What is being asked
Using the records below, copy exactly the part that opens with the line holding "3rd image of 1263 Theresa Ln" and closes with the line holding "Cómo recargar la", minus the pictures.

Dataset content
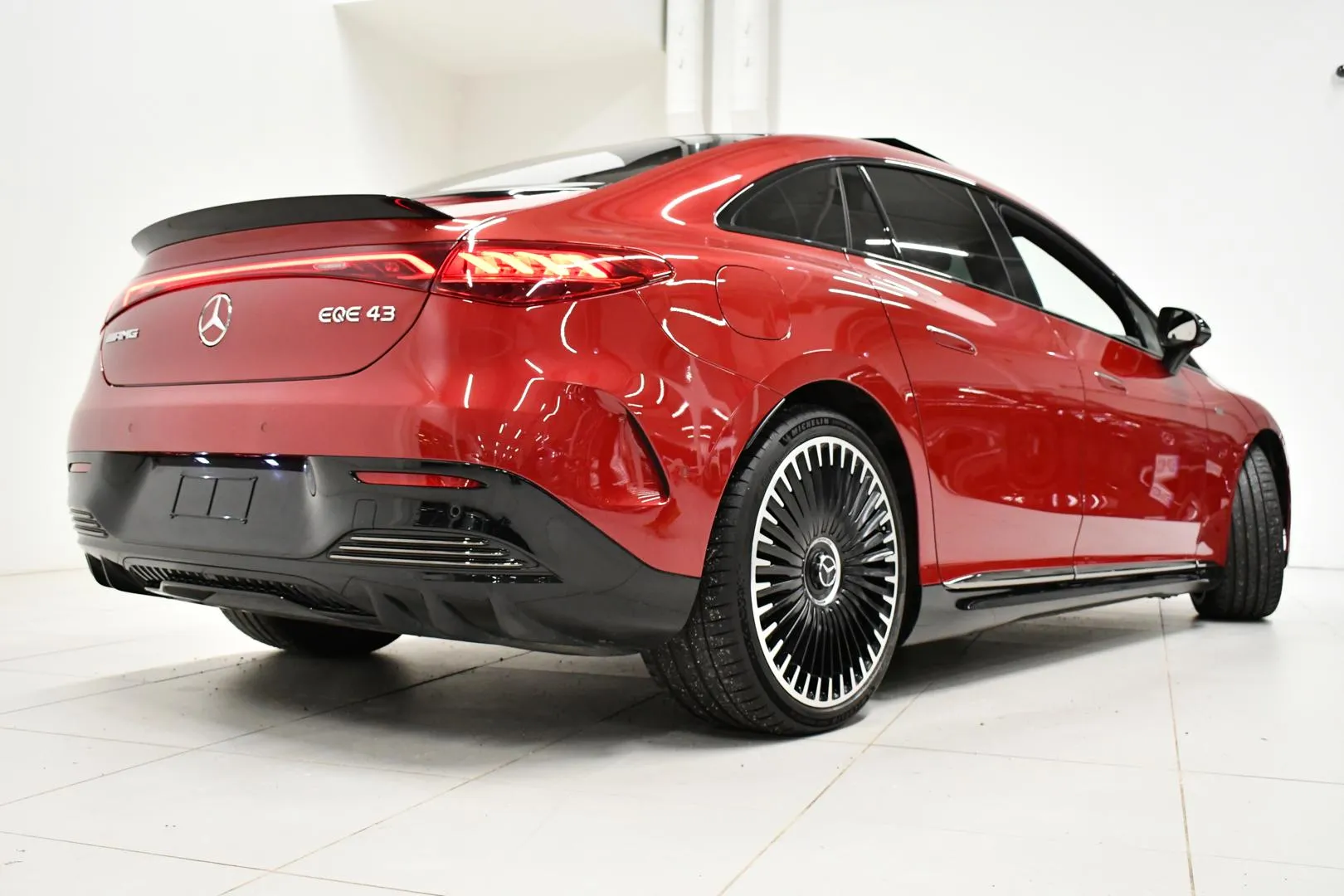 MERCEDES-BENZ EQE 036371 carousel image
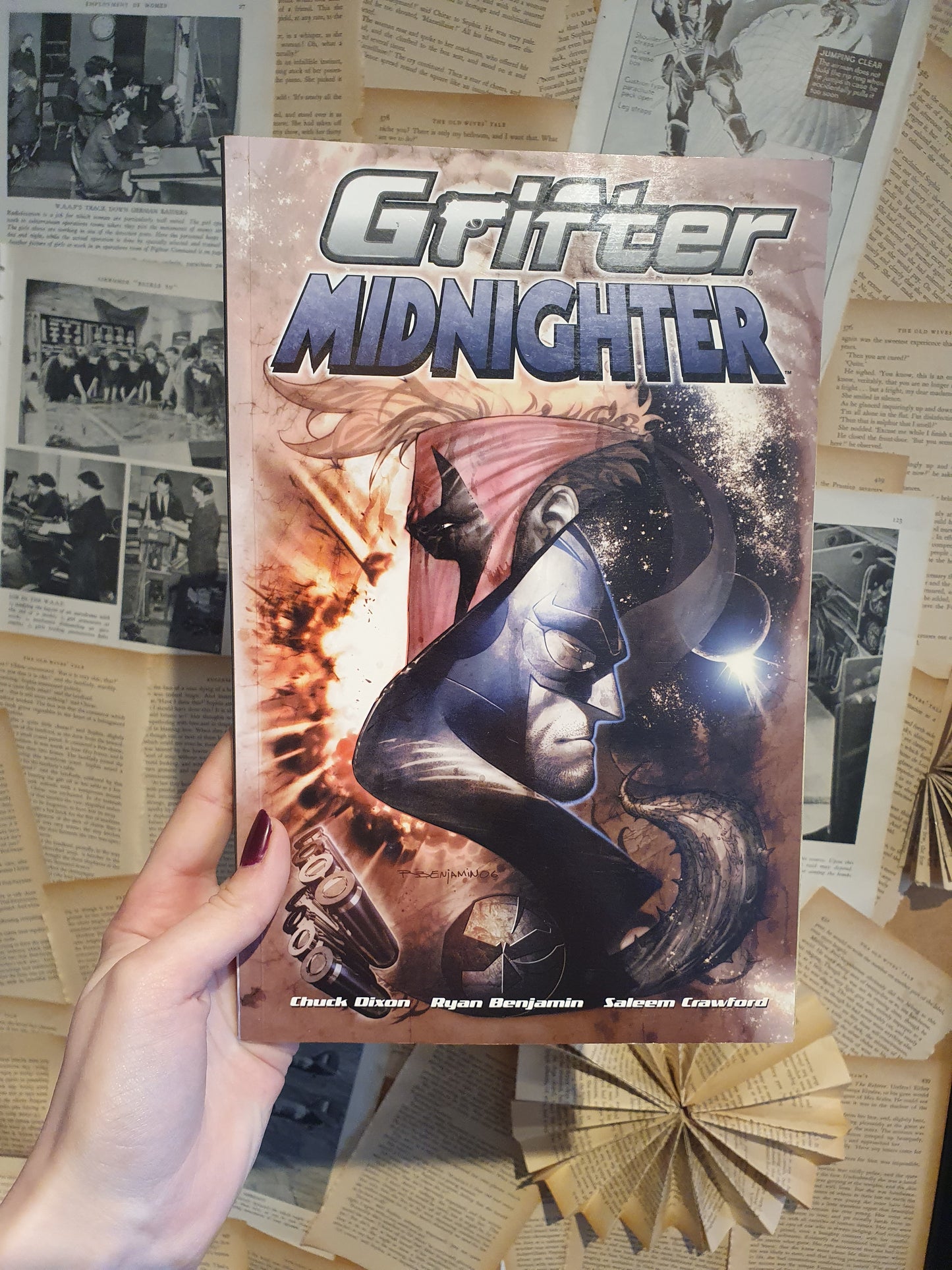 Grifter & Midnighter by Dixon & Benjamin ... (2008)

...

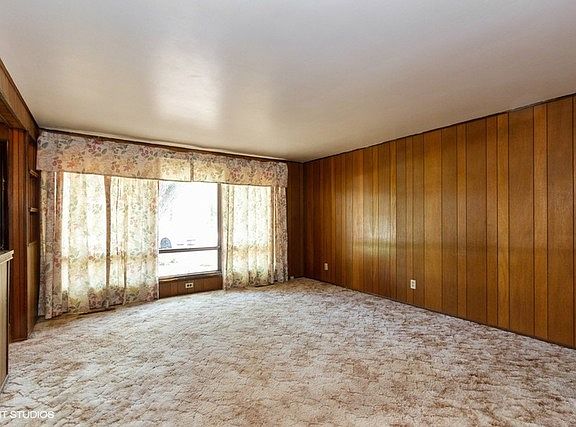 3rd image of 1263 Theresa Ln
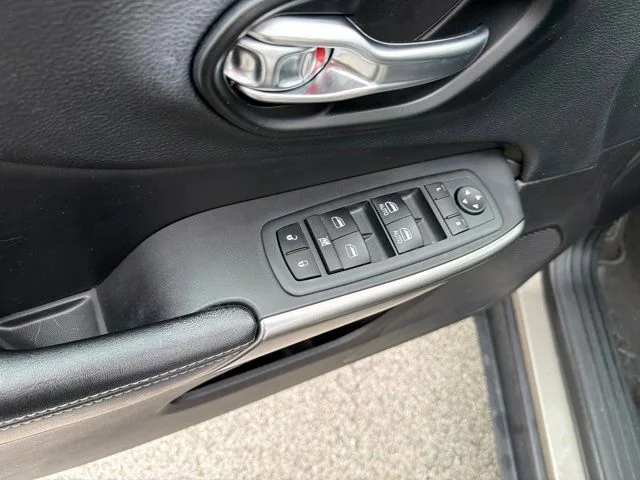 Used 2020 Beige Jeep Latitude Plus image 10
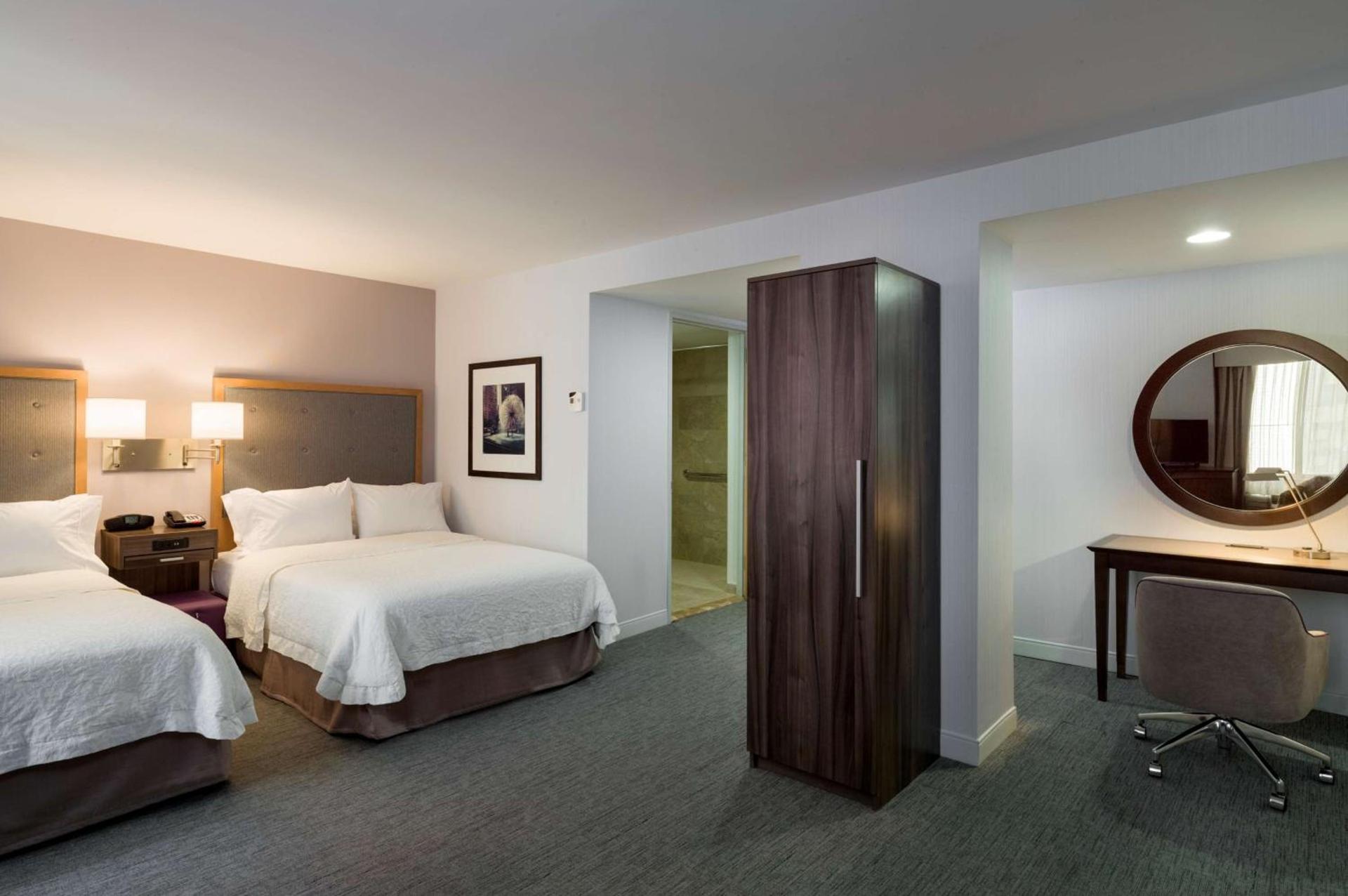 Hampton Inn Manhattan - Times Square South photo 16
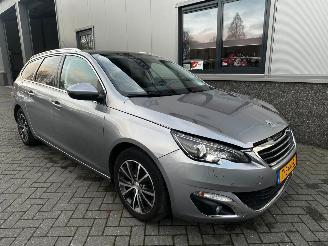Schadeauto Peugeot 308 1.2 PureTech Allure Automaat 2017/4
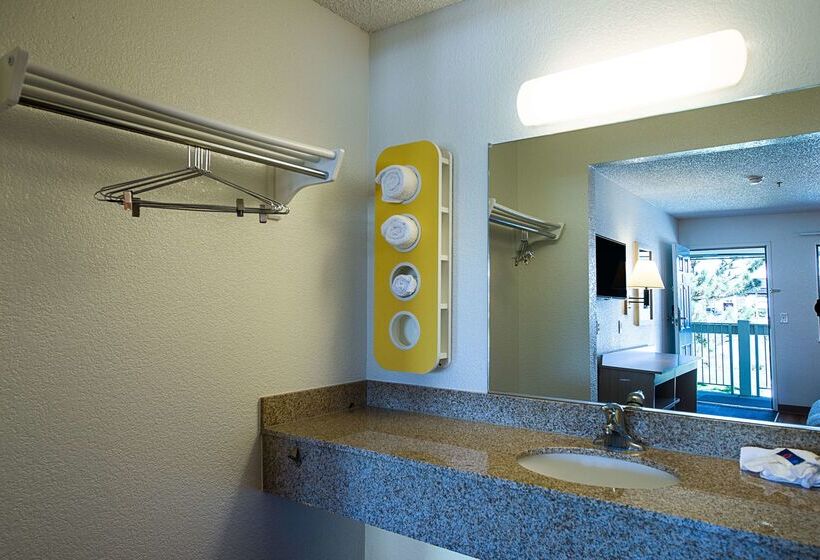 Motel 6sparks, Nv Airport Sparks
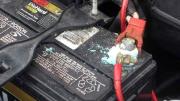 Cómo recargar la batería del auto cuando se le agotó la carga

* * *

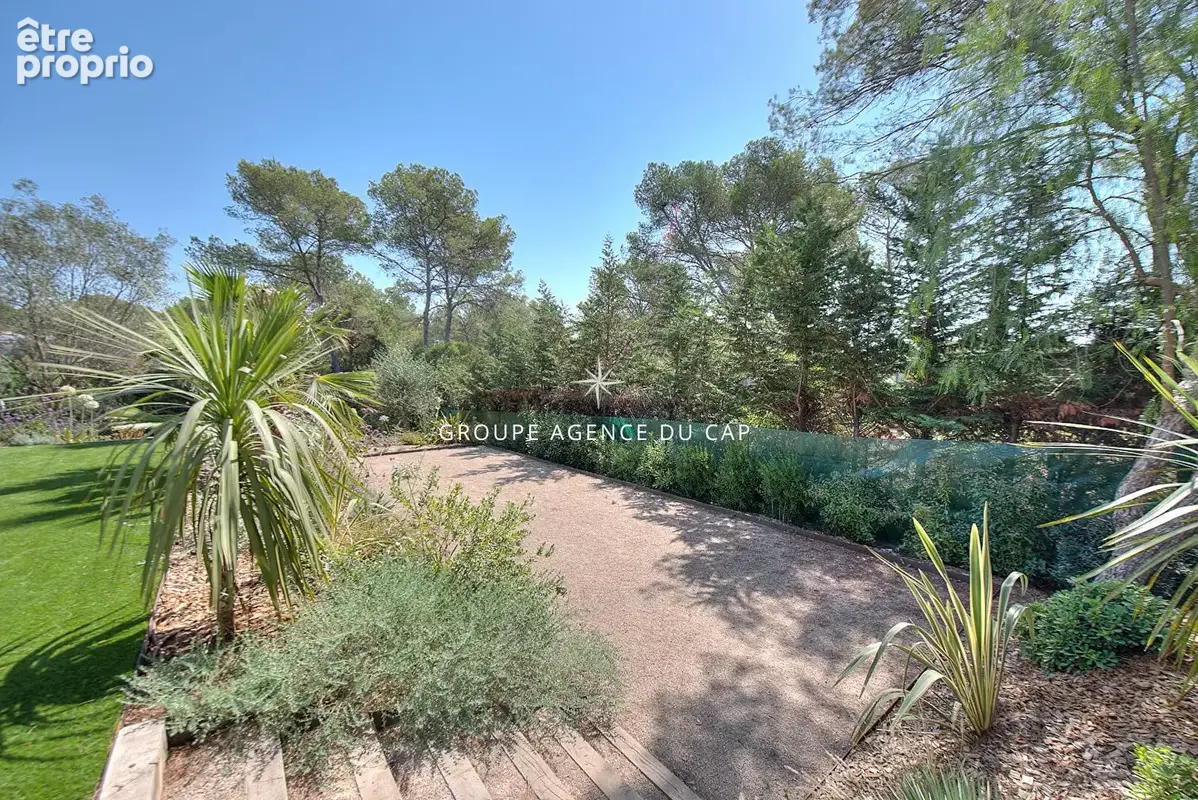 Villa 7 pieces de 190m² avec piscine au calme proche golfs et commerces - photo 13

Task output
 3rd image of 1263 Theresa Ln
 Used 2020 Beige Jeep Latitude Plus image 10
 Hampton Inn Manhattan - Times Square South photo 16
Schadeauto Peugeot 308 1.2 PureTech Allure Automaat 2017/4
 Motel 6sparks, Nv Airport Sparks
 Cómo recargar la batería del auto cuando se le agotó la carga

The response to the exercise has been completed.